Two Britons and two Americans were kidnapped by suspected Kashmiri separatists while trekking through the Himalayan mountains in the troubled Indian state of Kashmir, police officials confirmed yesterday.

The Britons were identified as Paul Wells, a 23-year-old photography student on a six-week trekking holiday, and Ian Kydd. They and the Americans were seized by gunmen while they were climbing to a glacier in a high mountain valley of southern Kashmir.

"They were walking in the Kashmir hills in Indian Kashmir and a military group overran them and took four of them off," a Foreign Office spokesman said later in London. The spokesman said the Foreign Office had no further information on the four, who disappeared in a popular holiday area near Srinagar.

Two female and one male trekker, who was ill, were allowed to leave by the 15 gunmen who surrounded their camp. This party of three, along with two guides, walked for a day to Pahalgam to alert police.

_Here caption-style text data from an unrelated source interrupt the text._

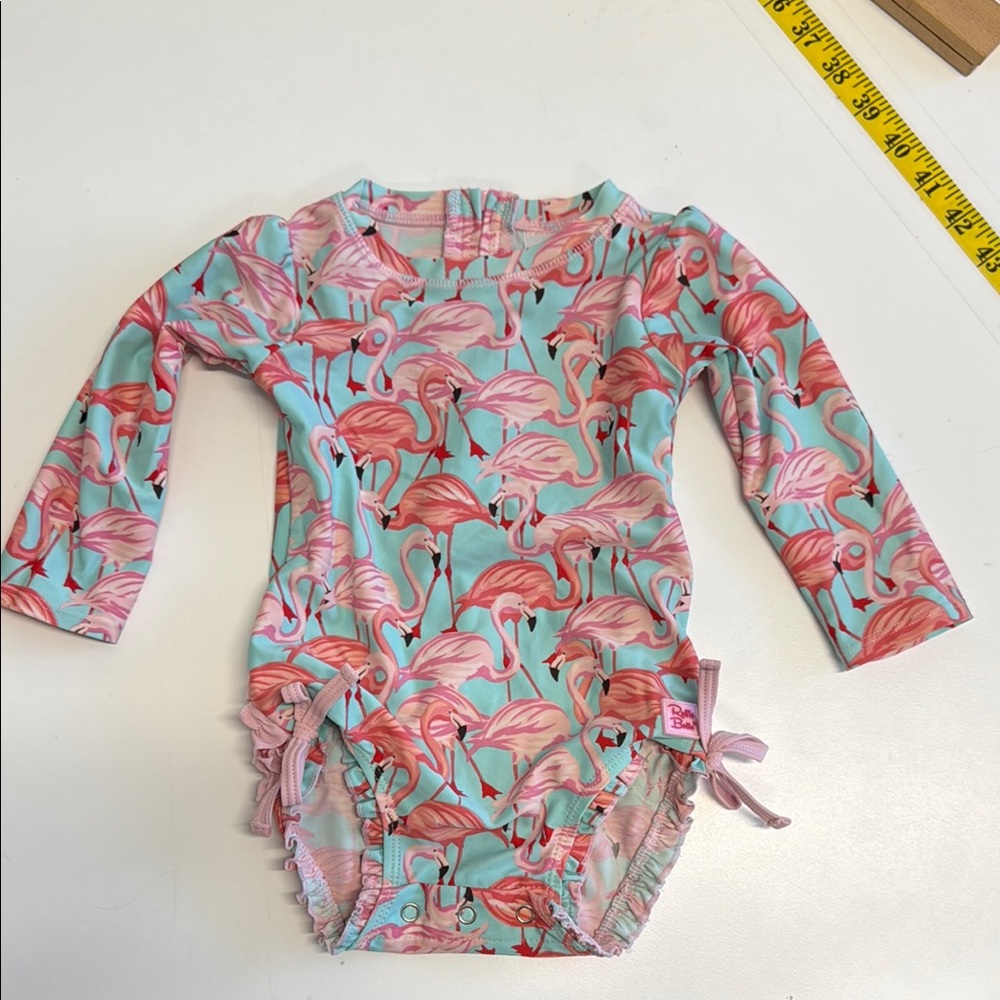 Ruffle Butts Pink and Blue Flamingo Rashguard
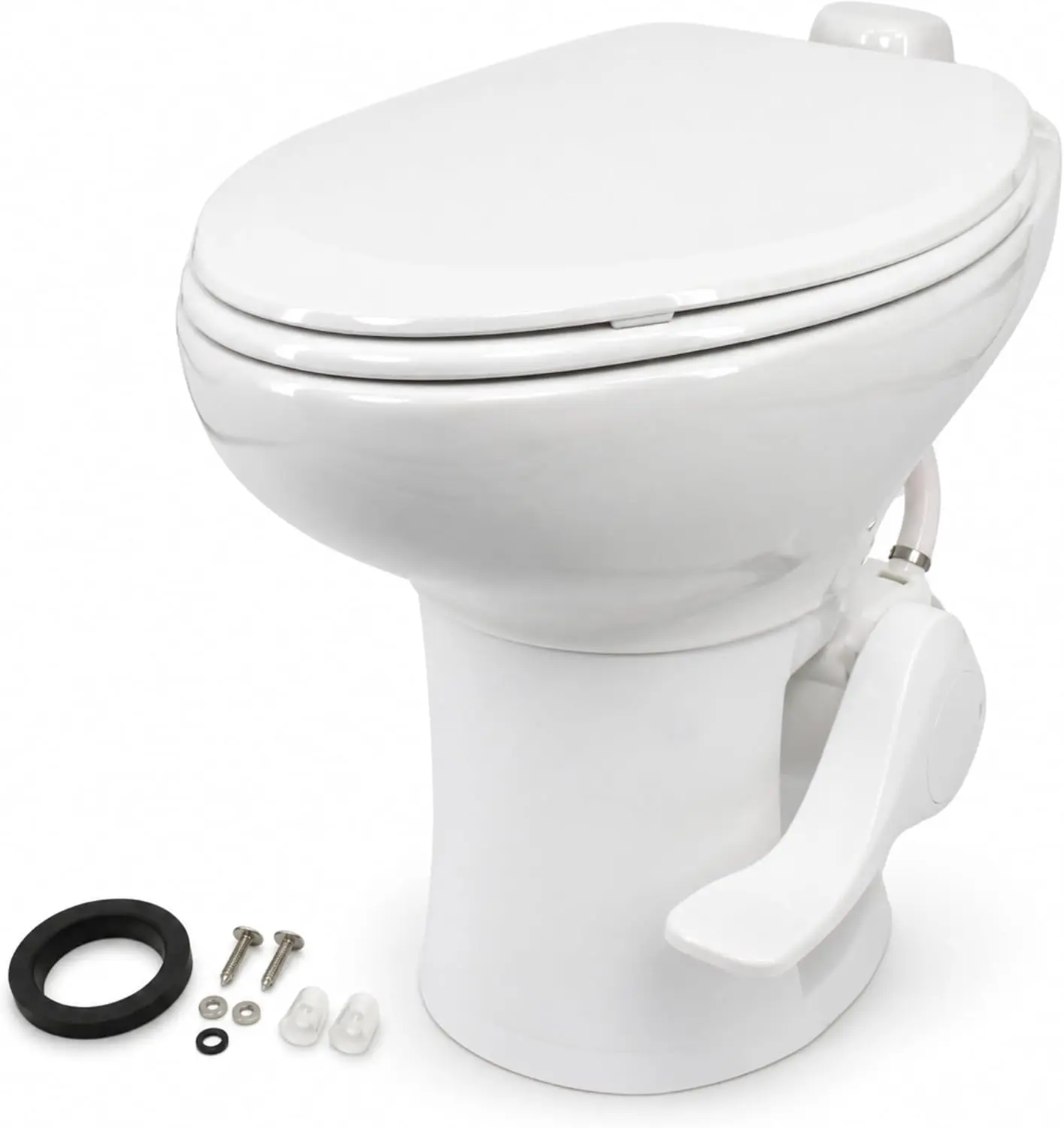 Porcelain RV Toilet with Elongated Bowl, 19” Residential Height, Gravity Flush, Foot Pedal Flush, Soft Close Seat, Easy Install,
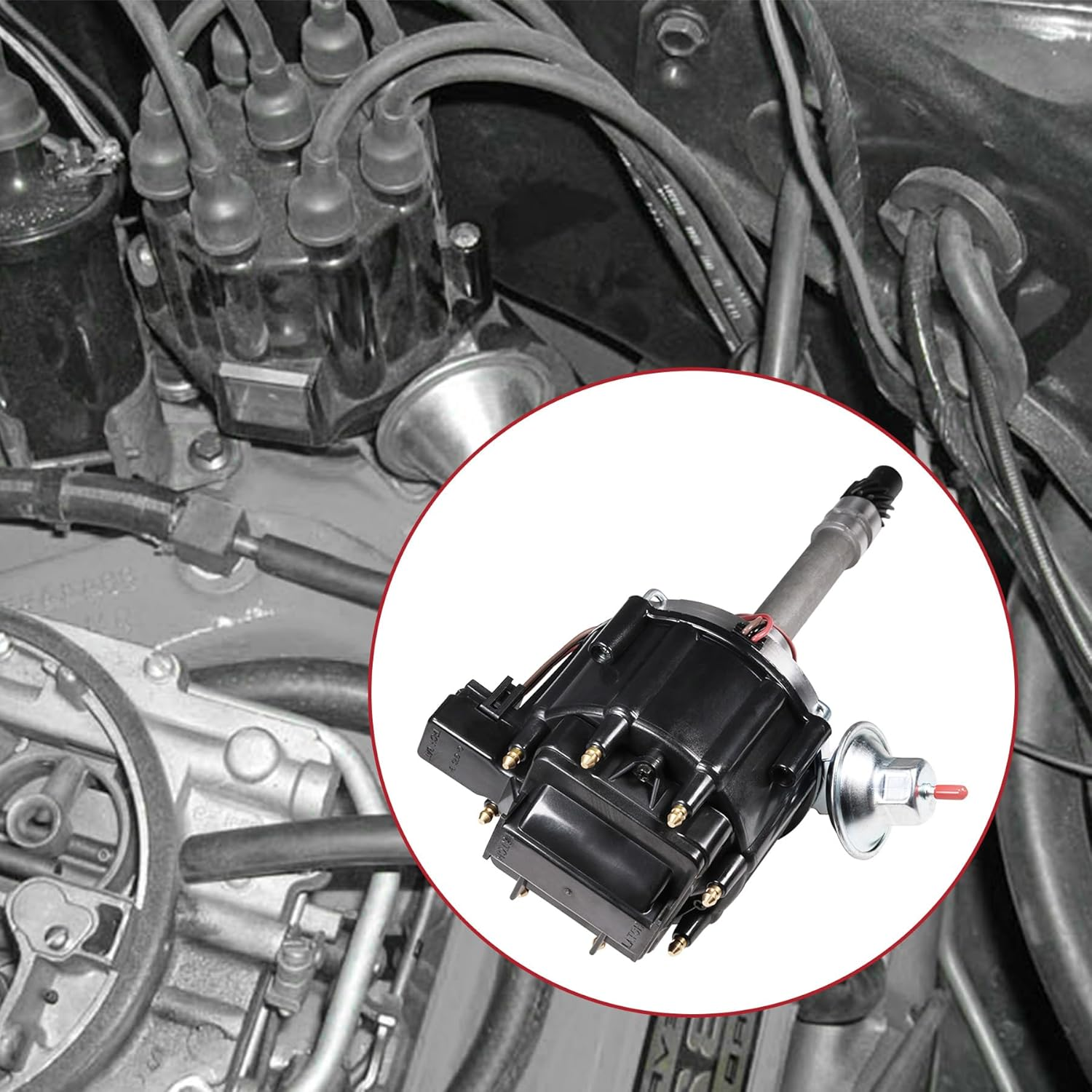 HEI Distributor 6515 65K Coil Replacement for Chevy Corvette Tach Drive 327 350 SBC 1962-1974 Ignition Distributor Black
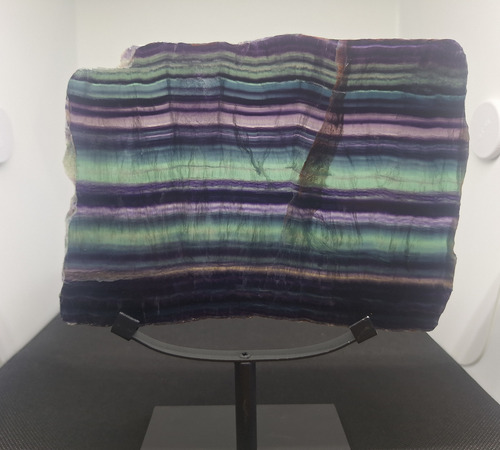 Fluorita Arcoirirs + Base De Hierro - Espectacular Especimen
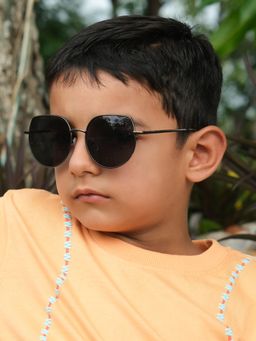 DukieKooky - Unisex Black & Black Uv Protected Oversized Sunglasses -DKSG541C (4-7 Years)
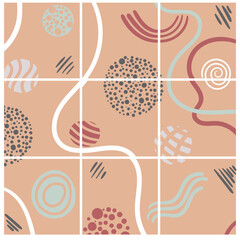 An abstract background of nine complementary backgrounds that can be used together or separately. Geometric shapes in the form of circles, waves, stripes and lines in pastel colors. Modern vector. 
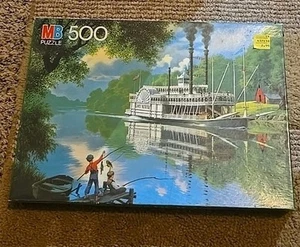 Vintage Milton Bradley Puzzle 500pcs Old River Days 4181-9 NOS - Picture 1 of 6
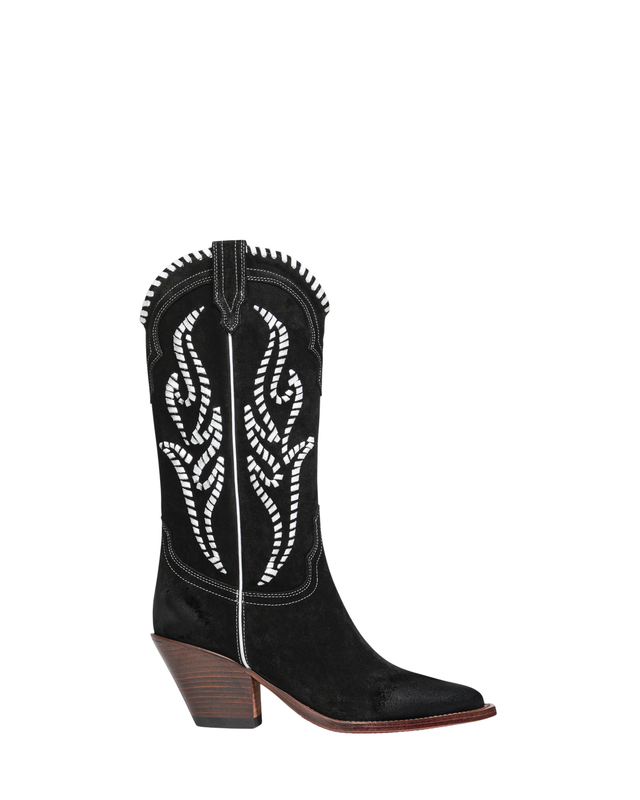 SANTA FE TWIST Women's Cowboy Boots in Black Suede Oil | Ecru Twist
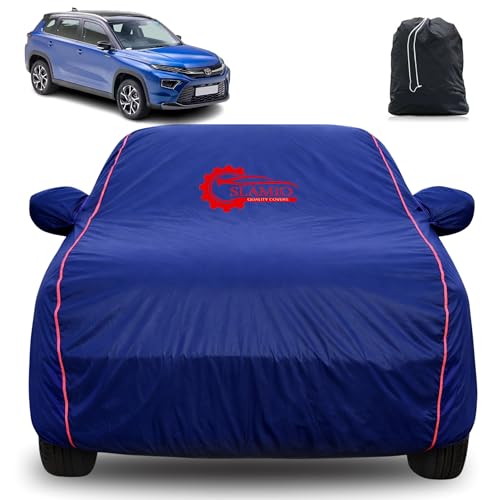 Image of 100% Waterproof Car Cover for Toyota Hyryder | All-Weather, Dustproof & UV Protection | Heavy-Duty 3-Layer Fabric | Custom Fit with Mirror & Antenna Pocket | Navy Blue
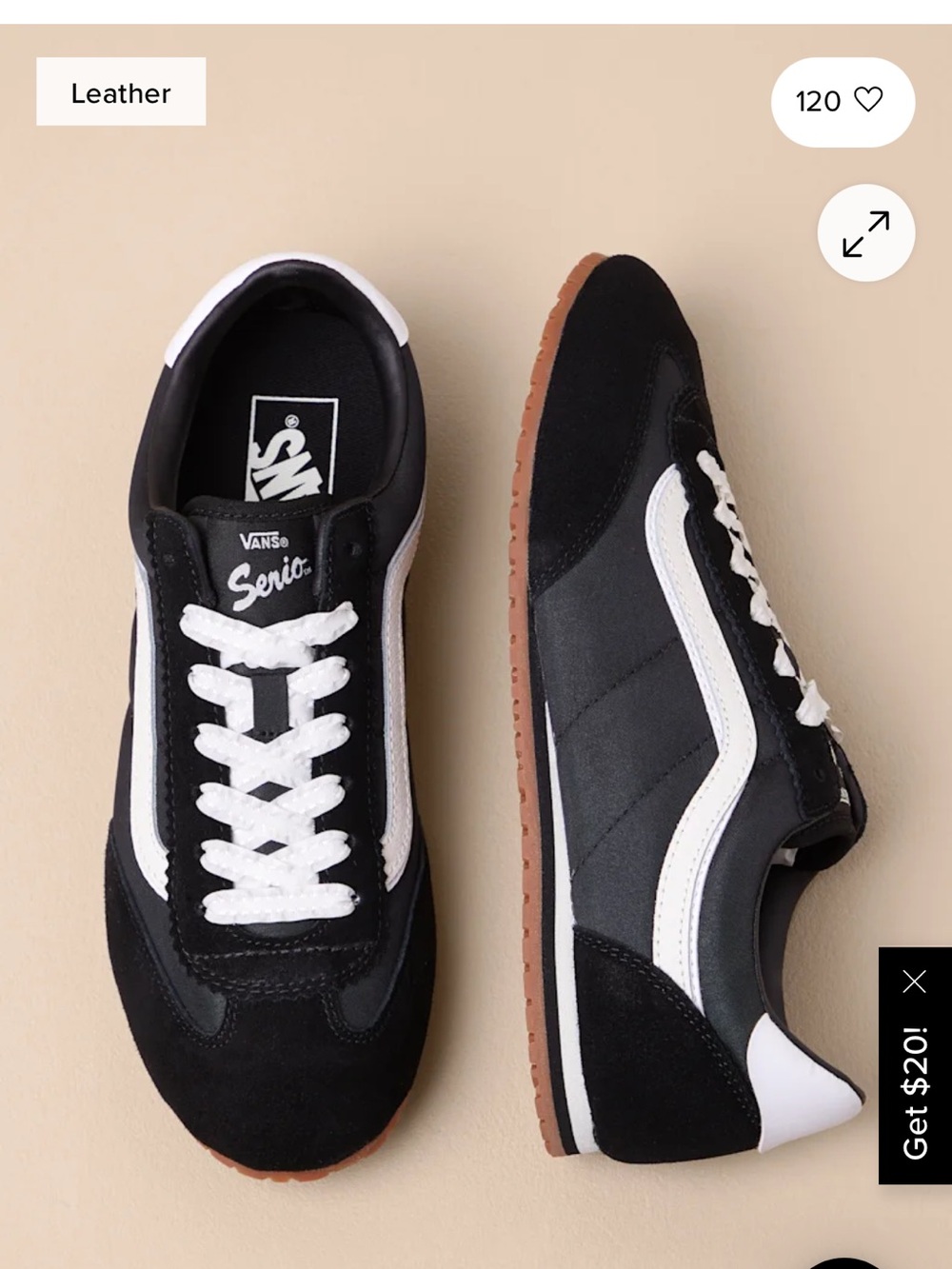 Vans Serio Super Lowpro Black and White Suede Leather Sneakers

A militant group calling itself Al-Faran yesterday claimed responsibility. Police said the captors were demanding that 21 leading Kashmiri militants be released from jail in exchange for the hostages. A Kashmir Rangers police chief, Sayed Shoaib Ali, said that security forces had begun a "massive hunt" in the Lidder valley, where the four were seized on Tuesday.

Al-Faran is thought to be an offshoot of a militant organisation known as Harakat-ul-Ansar, which a year ago kidnapped two Britons, Kim Housego and David Mackie, climbing in the same Pahalgam area. Indians say Harakat- ul-Ansar and possibly the new group have many Afghan and Pakistani guerrillas among their ranks. Kim, 16, and Mr Mackie, 34, were freed unharmed after 17 days.

Kashmiri separatists have been waging a five-year civil war against Indian security forces in which more than 10,000 people have died.